OKLAHOMA CITY (AP) -- The Oklahoma Black Legislative Caucus called on Gov. Frank Keating today to apologize and retract his accusation that racism by Democrats killed his appointment of black newspaper publisher Russell Perry as secretary of commerce.
Members of the caucus said it actually is Keating that is engaging in racism by making the accusation.
"For an affluent white male like Frank Keating to imply that an African-American woman is a racist simply because she objects to a political appointee is disrespectful, insulting and wrong," said Rep. Opio Toure, D-Oklahoma City.
On Thursday, Keating paid a visit to the office of Sen. Angela Monson, D-Oklahoma City, to demand that she hold a hearing of her finance committee on Perry's nomination.
Although Monson is black, Keating said she is furthering a "racist" stand by Senate leaders by refusing to allow her committee to consider the nomination.
The Republican governor said if Perry is not confirmed, "it is clearly a racist statement and I think that is unacceptable.
"This is a statement: Oklahoma must put aside its racist past," the governor said.
Monson said she found it offensive for Keating to assert that she, as a black senator, was subservient to a white Democratic senate leader.
Senate President Pro Tempore Stratton Taylor, D-Claremore, said Keating had "inappropriately tried to interject race into a policy debate, but given his track record of offensive public statements, I'm not surprised."
Monson said it would be a waste of taxpayer money to confirm the nomination of the Black Chronicle publisher.
She said she consulted several of her colleagues, including members of the black caucus, about their views on confirming Perry.
"Most of the people who spoke to me felt that the state was just creating a job with no responsibilities, unless you count the duplicate duties that are already being performed by the director of the Commerce Department," Monson said.
"We could probably hire a good economic recruiter for what they're paying Mr. Perry," she said. "This appointment not only wastes money, it also causes management problems."
At today's news conference, Monson said she would oppose any nomination to the post, other than the current executive director, because of the issue of duplication.
Perry, who was appointed last summer, said he thought Keating's racism charge was "a remark about reverse discrimination. This is reverse discrimination."
He said that as a conservative Republican whose newspaper's editorial policy is often at odds with Democrats, he has drawn the ire of members of the Black Legislative Caucus, made up of four Democrats.
Black Caucus members said they had taken no position on Perry's appointment, other than to support whatever Monson decided.
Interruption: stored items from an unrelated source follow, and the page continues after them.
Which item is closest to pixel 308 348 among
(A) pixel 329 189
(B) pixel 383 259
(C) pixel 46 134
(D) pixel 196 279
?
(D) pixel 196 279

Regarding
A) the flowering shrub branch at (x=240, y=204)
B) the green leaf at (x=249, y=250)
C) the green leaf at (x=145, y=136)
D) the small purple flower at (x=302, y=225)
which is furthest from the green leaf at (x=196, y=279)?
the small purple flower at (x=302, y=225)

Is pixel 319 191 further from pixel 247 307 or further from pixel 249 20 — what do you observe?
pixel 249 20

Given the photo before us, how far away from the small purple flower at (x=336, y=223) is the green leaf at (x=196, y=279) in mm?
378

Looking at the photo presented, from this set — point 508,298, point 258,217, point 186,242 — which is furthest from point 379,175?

But some members said they had a problem with Perry and his editorial positions. "I have a concern about Russell Perry's views on right to work," caucus chairman Rep. Don Ross, D-Tulsa, said. Perry supports a right-to-work law. Ross opposes one.
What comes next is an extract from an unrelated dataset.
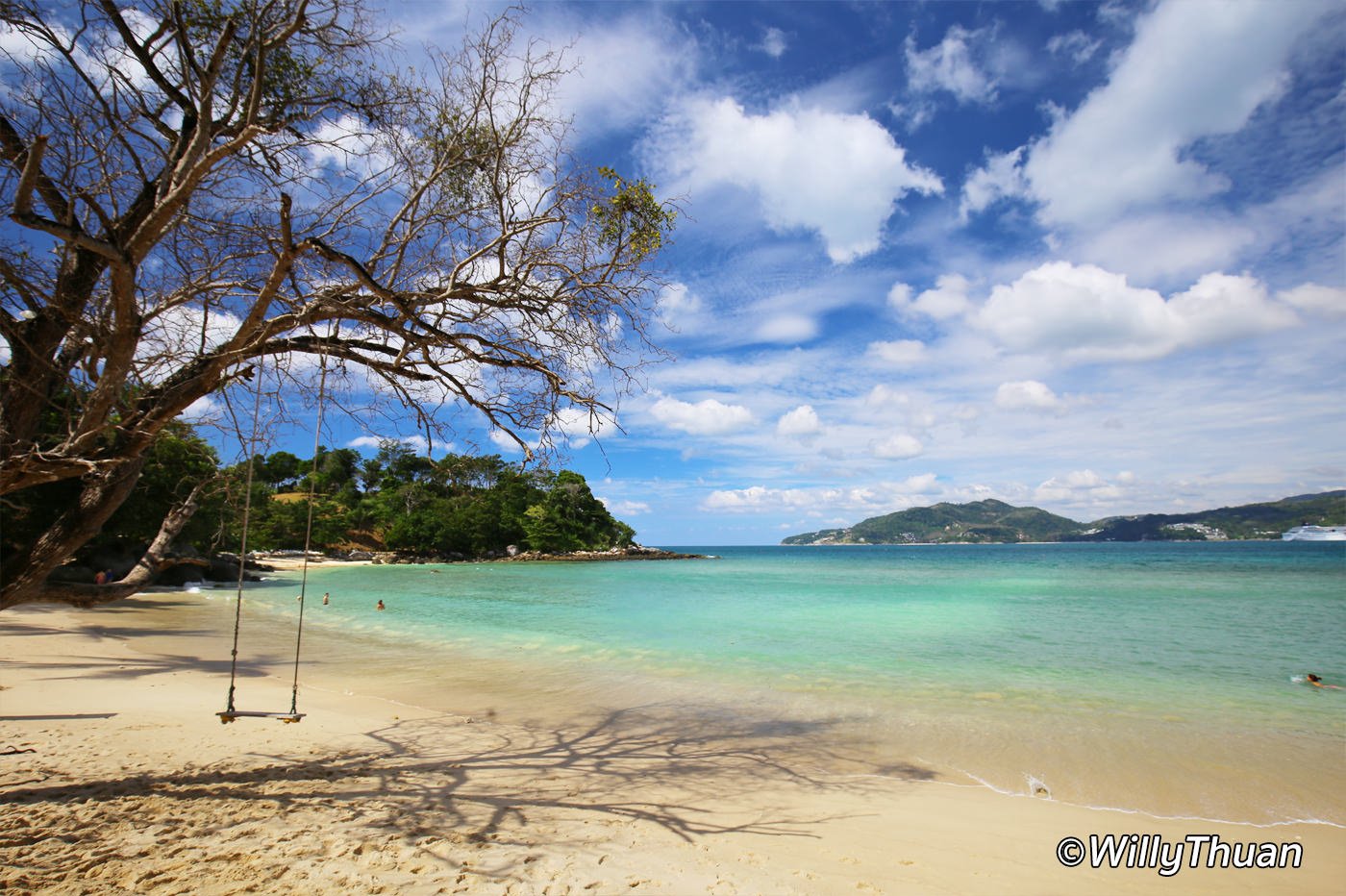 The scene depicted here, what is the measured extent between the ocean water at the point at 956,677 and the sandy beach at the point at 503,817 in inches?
30.2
Rep. Kevin Cox, D-Oklahoma City, said he opposed Perry for several reasons. He said Perry had "chastised" caucus members editorially for taking positions that help people in their districts.
"This is not a black on black thing," Cox said.
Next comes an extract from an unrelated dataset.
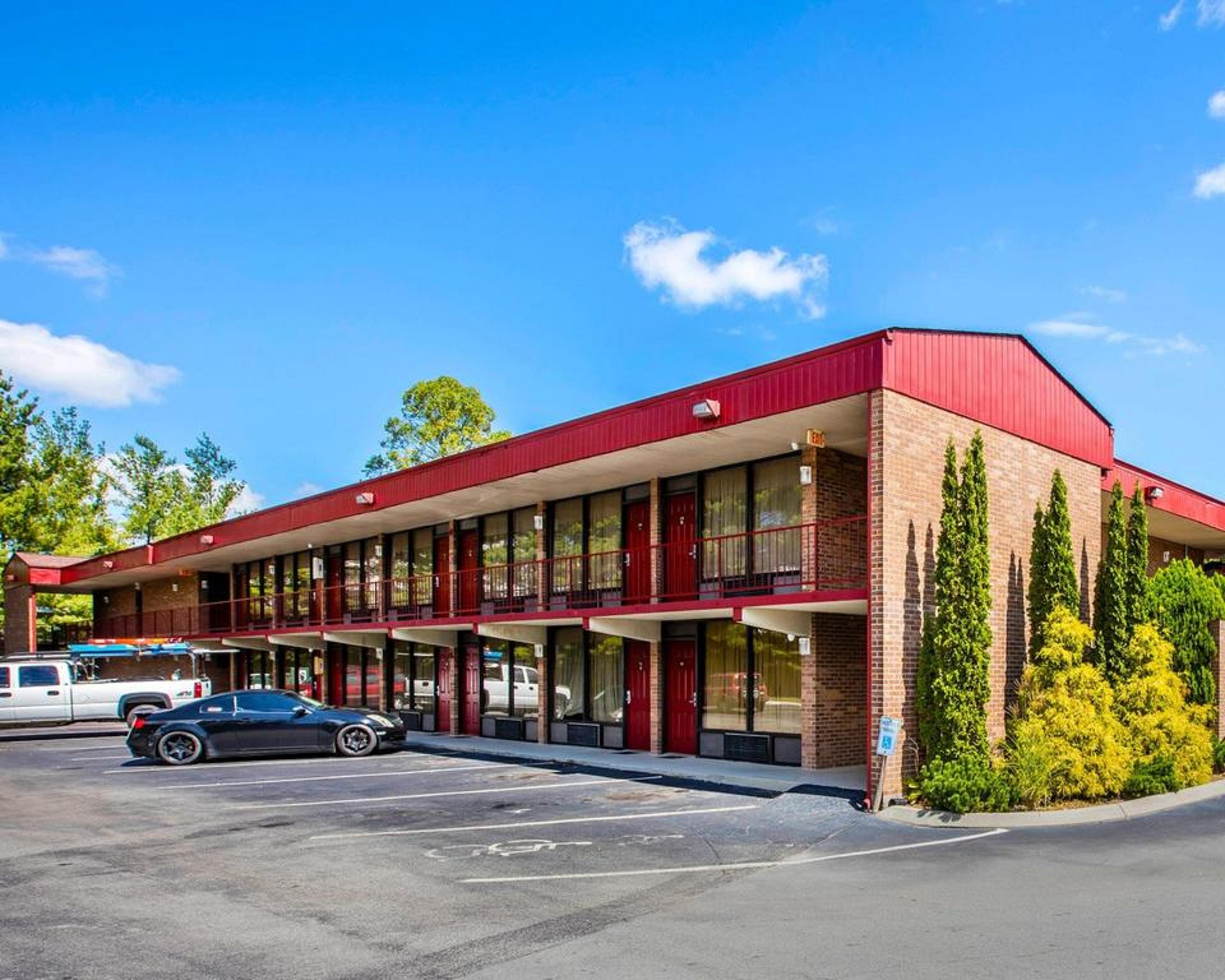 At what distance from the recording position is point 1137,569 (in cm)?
1630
Perry makes $40,000 a year as secretary of commerce and is serving on a part-time basis, a Keating spokesman said.
Keating issued a news release late Thursday saying blacks" should be outraged by the return of Jim Crow to Oklahoma by Senator Taylor and his leadership team."
He called Perry an extremely well qualified businessman who is serving the state for "a very modest salary."
Toure called Keating's comments "outrageous and sexist."